### TASK TO CARRY OUT:
Output the whole listing exactly, except for the pictures in it.

### SOURCE MATERIAL:
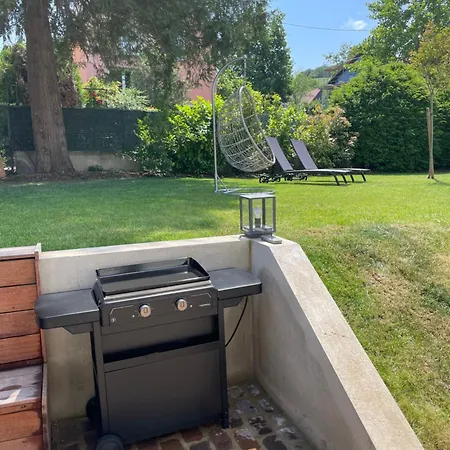 Apartamento Le Hêtre Rouge Charme&spa Alsace Barr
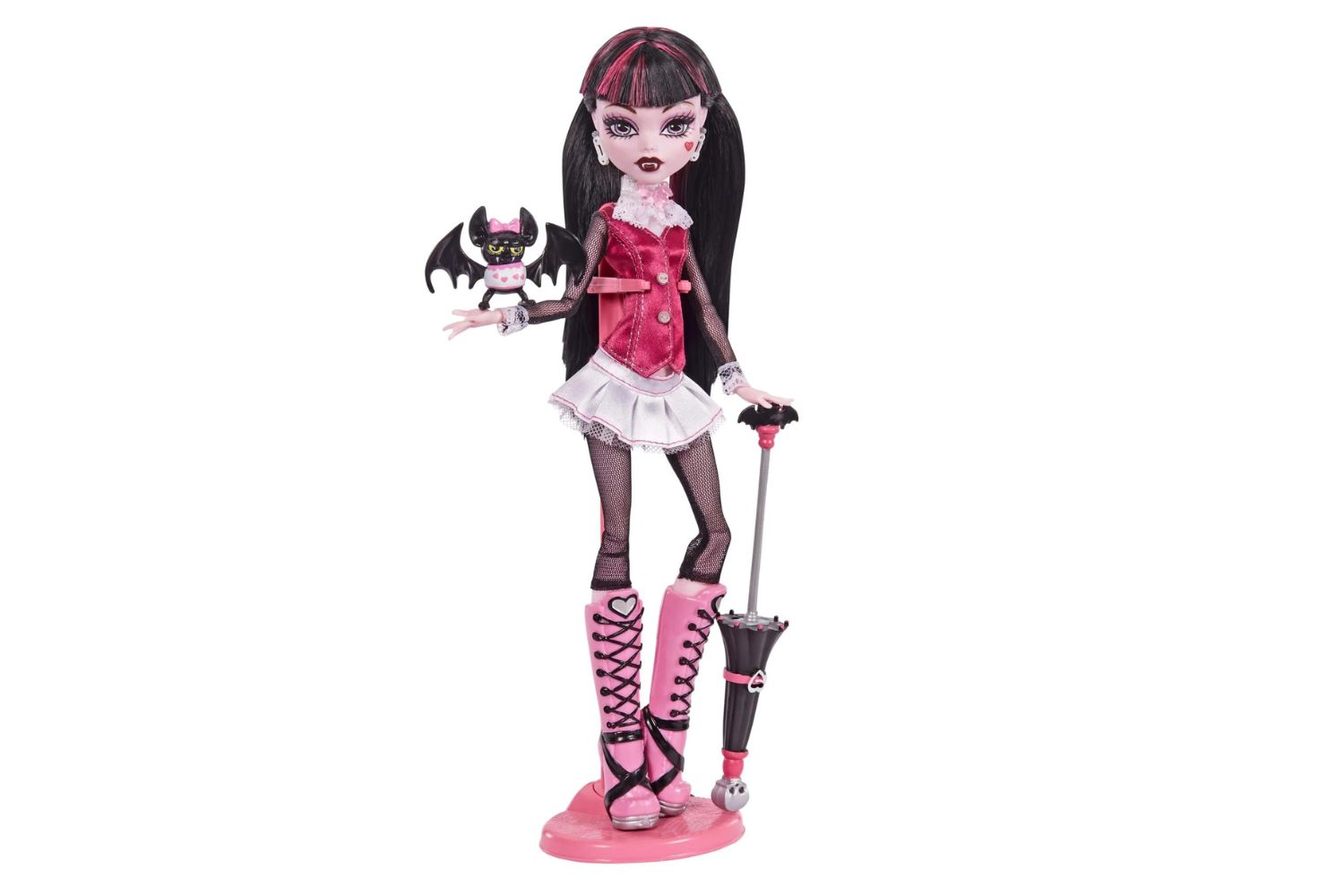 15 Facts About Draculaura (Monster High) 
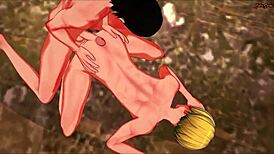 Eren Fucking Armin Hard After The Time Skip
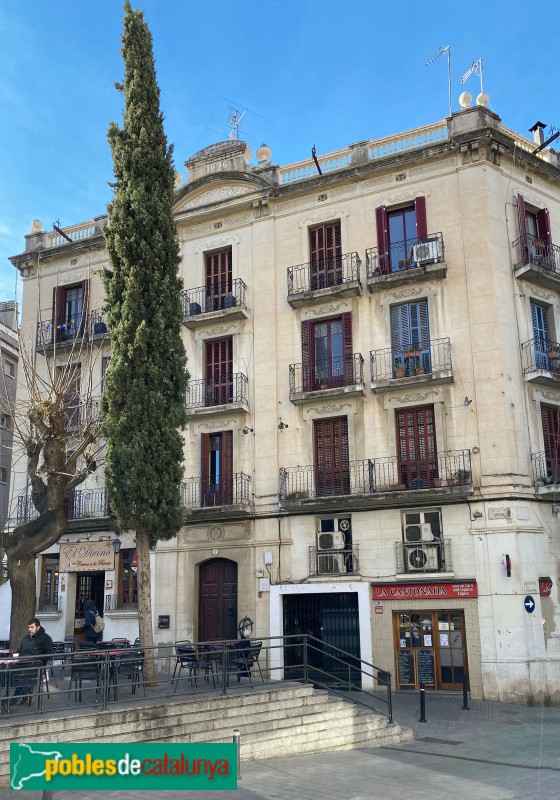 Caldes de Montbui - Casa Pagès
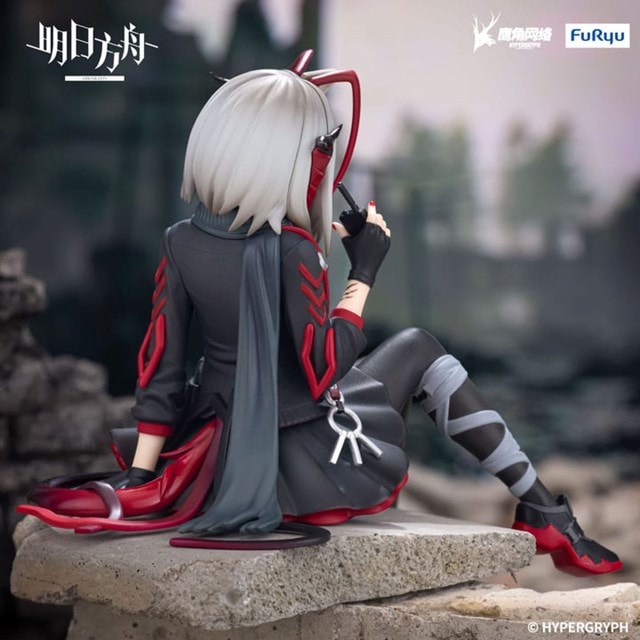 W Arknights Figure Noodle Stopper Figure - 2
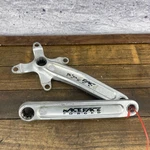 Race Face Turbine Crank Set 175 Mm Arm 104 Triple Spline 90S Mtb Xc Vintage. Fixed Price $140.39.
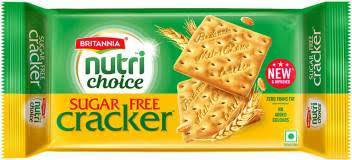 Nutri Choice Cracker Sugarfree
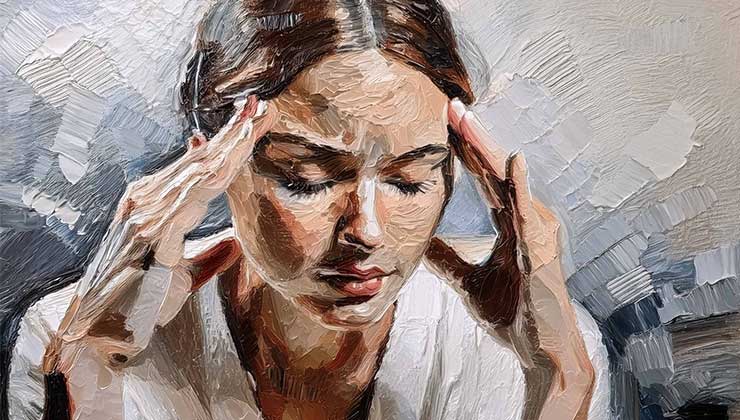 نشانه‌های فشار خون بالا چیست؟ (لیست کامل)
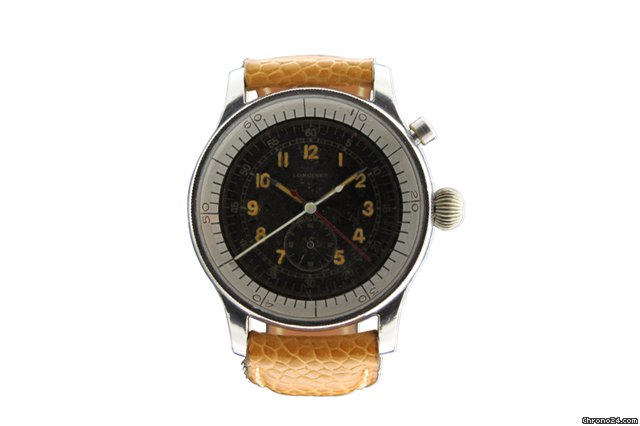 Longines Pilot Chronostop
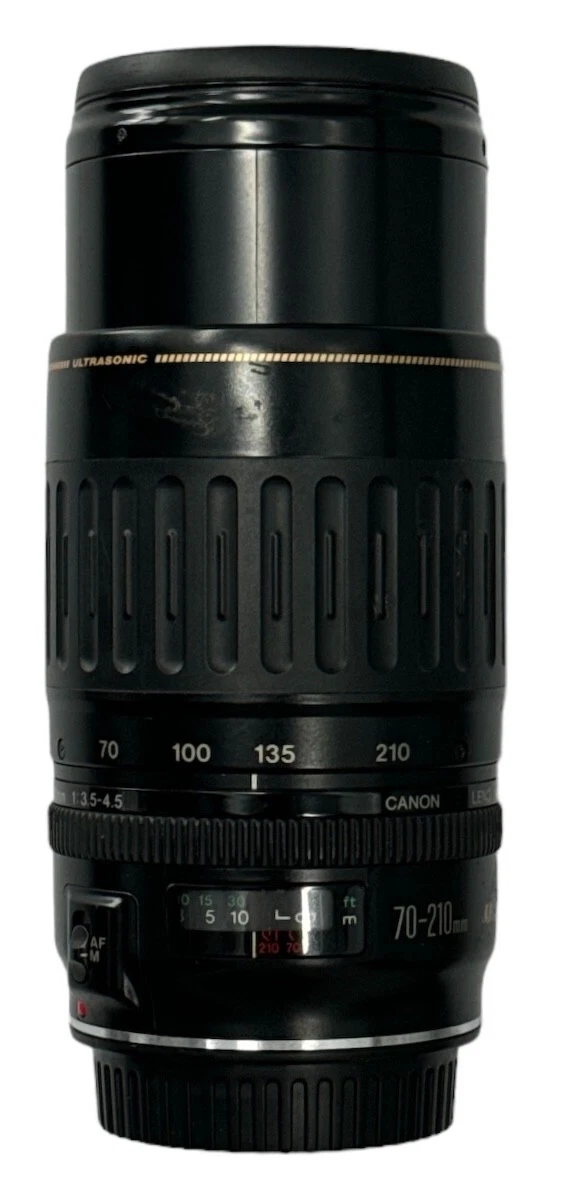 Canon EF 70-210mm Focal Camera Lenses for sale - eBay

### SOLUTION FOR THIS PROBLEM:
 Apartamento Le Hêtre Rouge Charme&spa Alsace Barr
 15 Facts About Draculaura (Monster High) 
 Eren Fucking Armin Hard After The Time Skip
 Caldes de Montbui - Casa Pagès
 W Arknights Figure Noodle Stopper Figure - 2
 Race Face Turbine Crank Set 175 Mm Arm 104 Triple Spline 90S Mtb Xc Vintage. Fixed Price $140.39.
 Nutri Choice Cracker Sugarfree
 نشانه‌های فشار خون بالا چیست؟ (لیست کامل)
 Longines Pilot Chronostop
 Canon EF 70-210mm Focal Camera Lenses for sale - eBay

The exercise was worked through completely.